Here, "light" refers to both fiber optics and the memory sector represented by Micron. A growing consensus sees the supply-demand mismatches in fiber optics and semiconductor memory not as traditional cyclical swings but as asset repricing driven by AI's underlying physical architecture demands. The core bottleneck in fiber has shifted to the capital-intensive preform stage, while memory has achieved a fundamental transfer of pricing power through HBM's cannibalization of general DRAM capacity. In the evolution of AI compute clusters, 2025–2026 will be defined as the year of physical-layer resource repricing. As compute demand breaks through single-machine bottlenecks, the value logic of infrastructure shifts from general-purpose to intelligent computing—not just expanding demand but fundamentally migrating pricing power from buyers (hyperscalers) to sellers (bottleneck asset holders). This report focuses on fiber preforms and HBM, analyzing their marginal game logic in a super-seller market.

1. Core Thesis—Why This Is Structural, Not Cyclical
Both industries share the same anatomy of power transfer: demand is permanently repriced by AI infrastructure, while supply faces structural, multi-year expansion constraints. The result is not a temporary shortage—but a fundamental redistribution of pricing power from buyers to sellers, likely persisting through 2027–2028.
A classic seller market requires three conditions: (1) demand cannot be deferred, (2) supply cannot respond quickly, and (3) suppliers are concentrated and disciplined on pricing. Both industries currently satisfy all three.

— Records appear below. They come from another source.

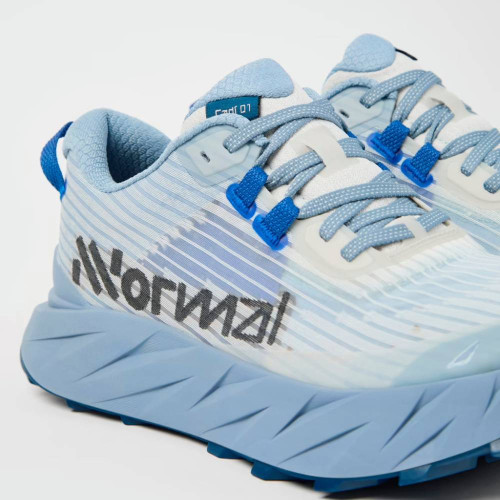 NNORMAL CADÍ AZUL ZAPATILLAS TRAIL RUNNING VISTA LATERAL,ARISTARUN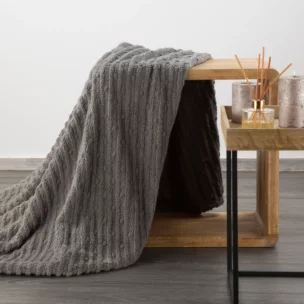 Koc 200x220 cm stalowy z wytłaczanym wzorem pasów LISA Design 91
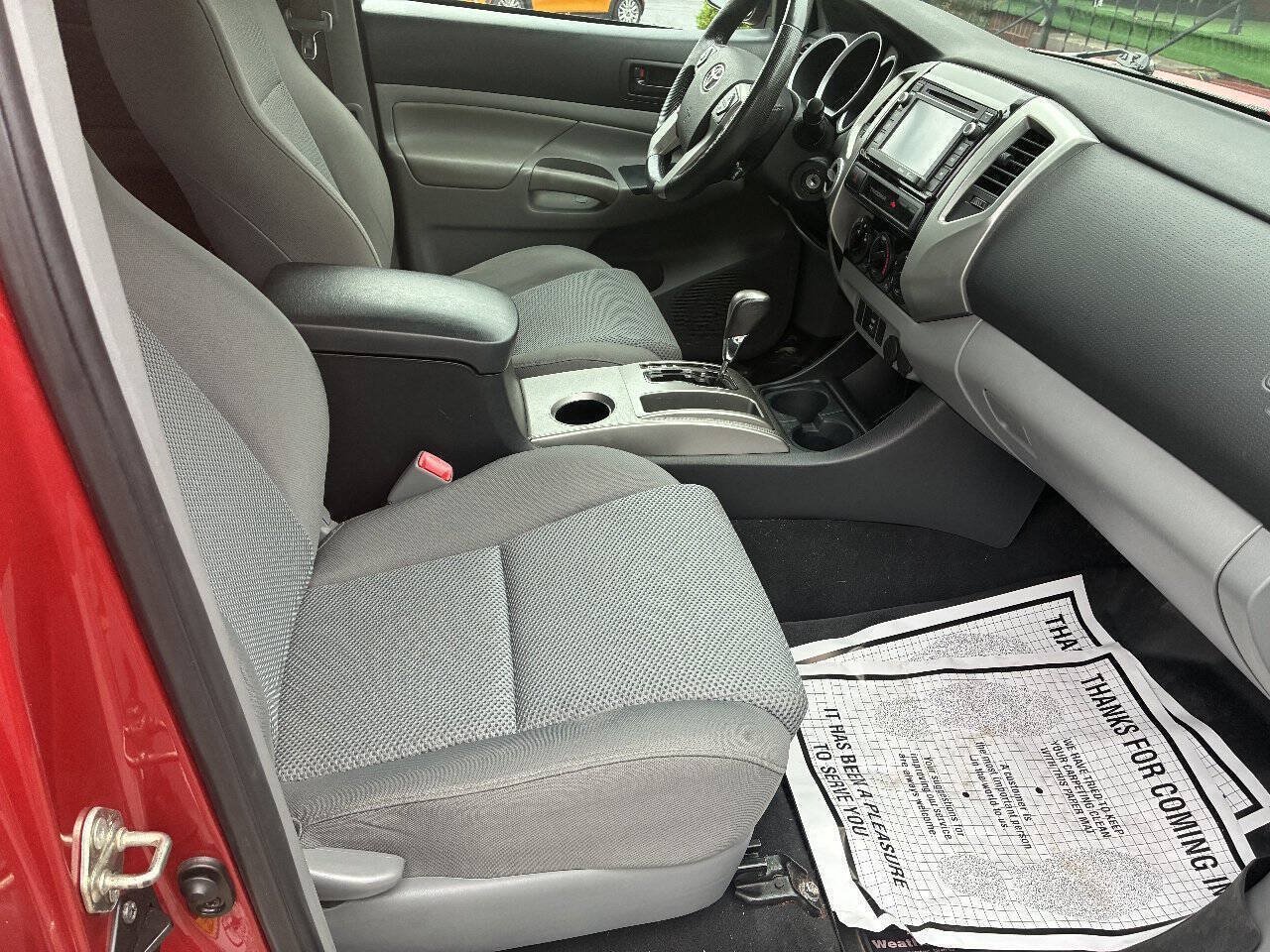 Used 2015 Toyota Tacoma 4x4 Access Cab V6 w/ TRD Sport Package image 8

The current environment meets the three core elements of a seller market: First, demand non-deferrability. The AI cluster race is fundamentally a game of time—for hyperscalers, missing interconnect bandwidth or memory throughput means expensive GPU compute sits idle, making infrastructure procurement highly price-insensitive. Second, supply response lag. Fiber preform expansion cycles typically take 18–24 months, while advanced DRAM node yield ramps face even more complex process challenges. Third, supplier concentration and pricing discipline. Major players have shifted from pure share competition to profit orientation, shortening contract cycles and adopting post-delivery dynamic pricing to fully pass inflation and supply risk downstream.